Yes, it's been a while since I've posted. My bad. Lots of travel in various permutations of business and pleasure and the organizational wreckage that comes from such. (Intel Developer Forum in San Francisco, hiking around Mt. Shasta and Point Reyes, Sun's "Galaxy" launch in NY, etc.) But I'm more or less dug out now.
To me, one of the more interesting aspects of the iPod nano announcement was that it's replacing the mini in Apple's product line--and thereby, in a single stroke, shifting a huge chunk of portable MP3 player volumes from disk to flash. (The iPod mini uses a hard disk while the nano uses flash memory.) Does this presage even more shifts from spinning steel to silicon?
The short answer is probably yes.
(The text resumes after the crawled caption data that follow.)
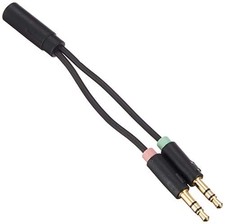 ELECOM AV-35AD01BK Audio Conversion Cable 4-pole Female to 3-pole Male x2 3.5mm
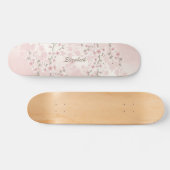 Cherry Blossom Abriot  Floral Monogram Persoonlijk Skateboard (Horizontaal)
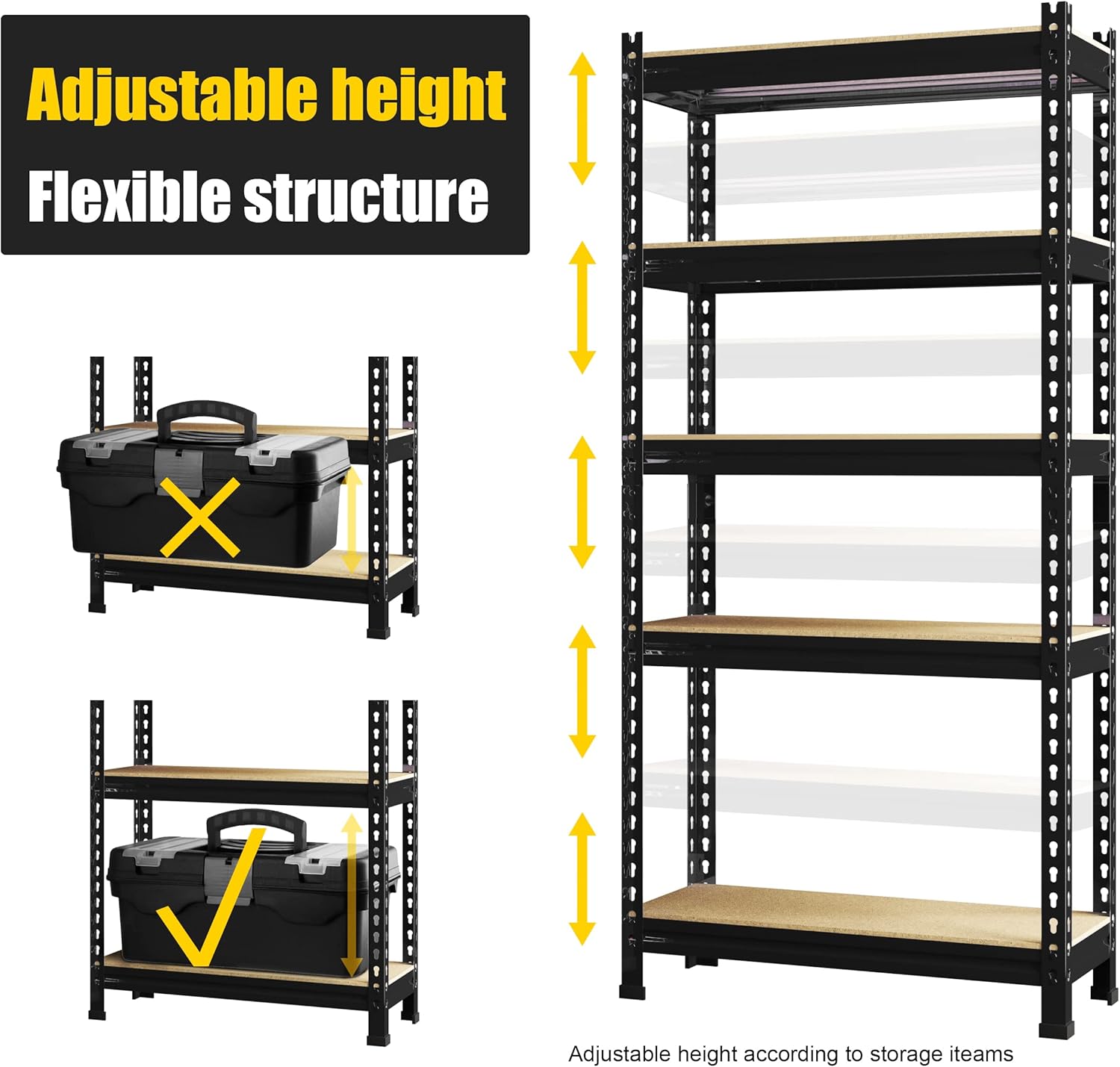 5-Tier Heavy Duty Metal Storage Shelves, Adjustable Utility Rack for Garage, Pantry & Closet, 28"W x 12"D x 59"H, Black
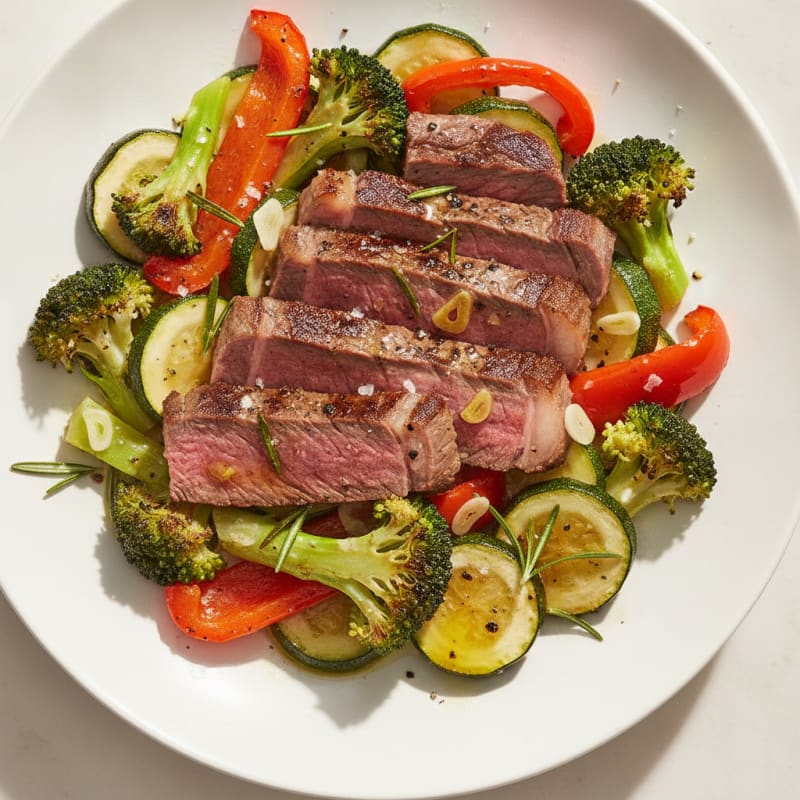 Pan-Seared Steak and Roasted Vegetable Bowl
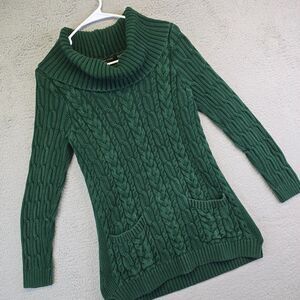 Jeanne Pierre Fisherman Sweater‎ Womens M Cowl Neck Chunky Cable Boho Y2K Chic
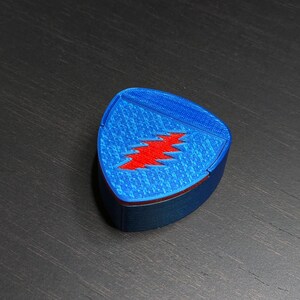 Guitar Pick Box, with a Magnetic Closure and a 13 Point Bolt Design, Perfect for Guitar Players who are Dead Heads, Grateful Fan Design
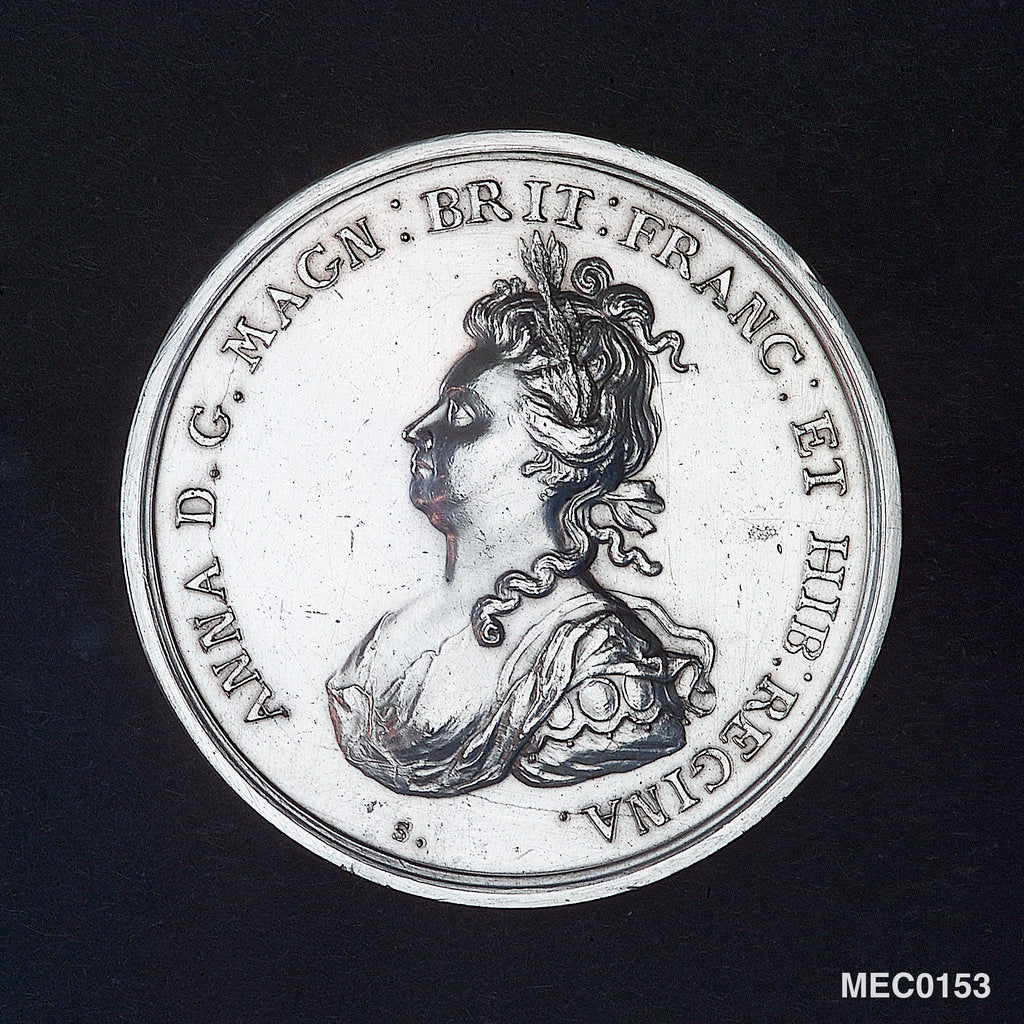 Detail of Medal commemorating the attempted invasion of Scotland, 1708 by M. Smeltzing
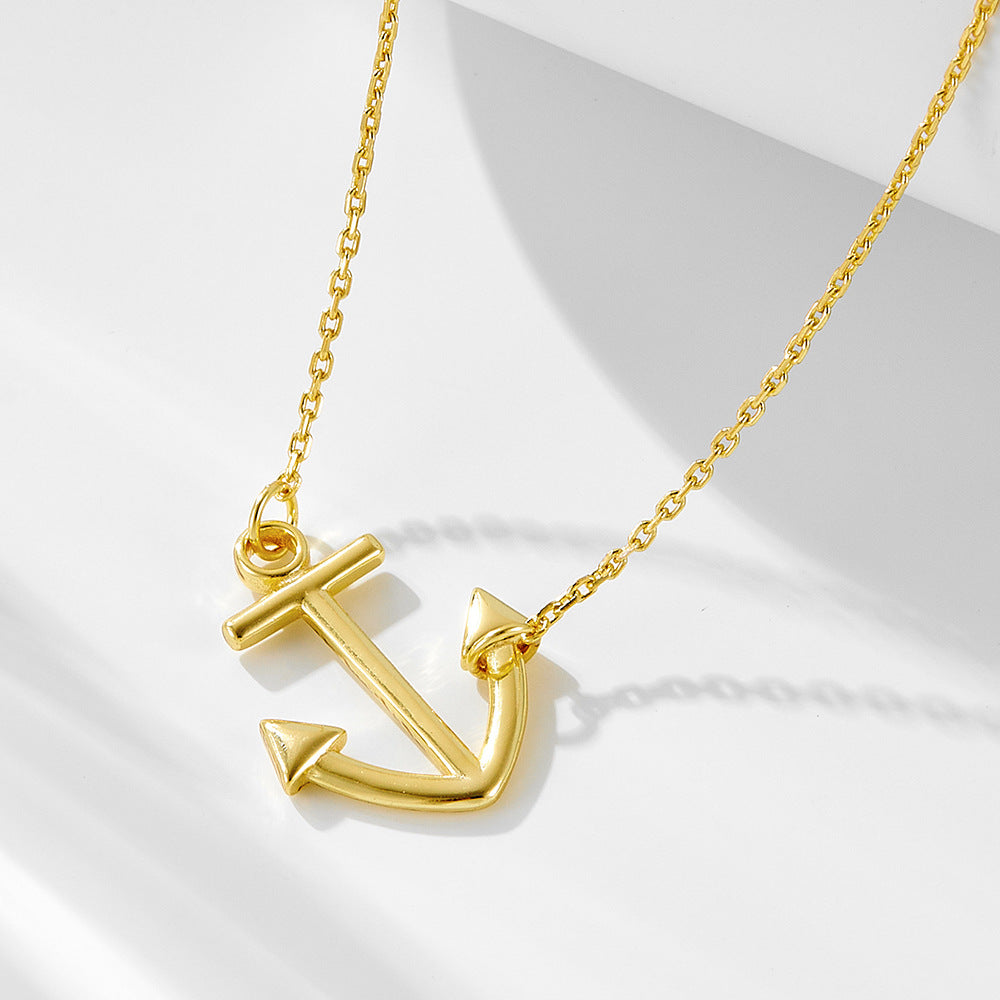 European and American fashion personalized anchor pendant pendant sterling silver necklace New Hip H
The longer one is a bit more complicated.
Certainly it's hard to see the shift as anything but a complete one for many, many years to come. This post by Illuminata colleague Tom Deane gives some of the reasons. Price per bit is one big issue. Limited read/write cycles are another. Just as tape continues to exist alongside disks, disks will continue to exist alongside flash.
However, flash is well on its way to eclipsing disk for most really portable applications. Advantages like size, ruggedness, and lower power trump somewhat higher per-bit costs for the most part. The nano's a classic case study of the tradeoffs. Apple's taken the somewhat daring move of replacing its wildly popular mini with a device that's more expensive per capacity today. It's betting that the svelteness and longer batter life of the nano make up for giving up storage. One can reasonably argue with the timing; I would probably disagree, but it's a plausible argument that Apple could have waited until some price crossover point was reached. But there can be little dispute that flash continues to take over disk territory in these handheld (and smaller) devices.
That's because Moore's Law is outpacing usage models. Human hearing isn't getting better. We're not better able to watch movies on a small LCD screen. Useful digital photo resolution ahsn't plateaued yet but it's probably getting close. In other words, we're rapidly moving towards points where additional capacity in many types of devices becomes less and less important relative to other characteristics such as lightness of weight. As flash memories rapidly head into the multi-GB range, the size and number of MP3 files aren't increasing apace.
The replacement of disk by flash is one implication of these intersecting curves. Another is that silicon technology will increasingly not be a factor in how many functions can be crammed into a single device. Which isn't to say that everything will be. There are certainly user interface issues (which Apple can probably solve as well as anyone) as well as more subtle and less rationalist issues of style and brand.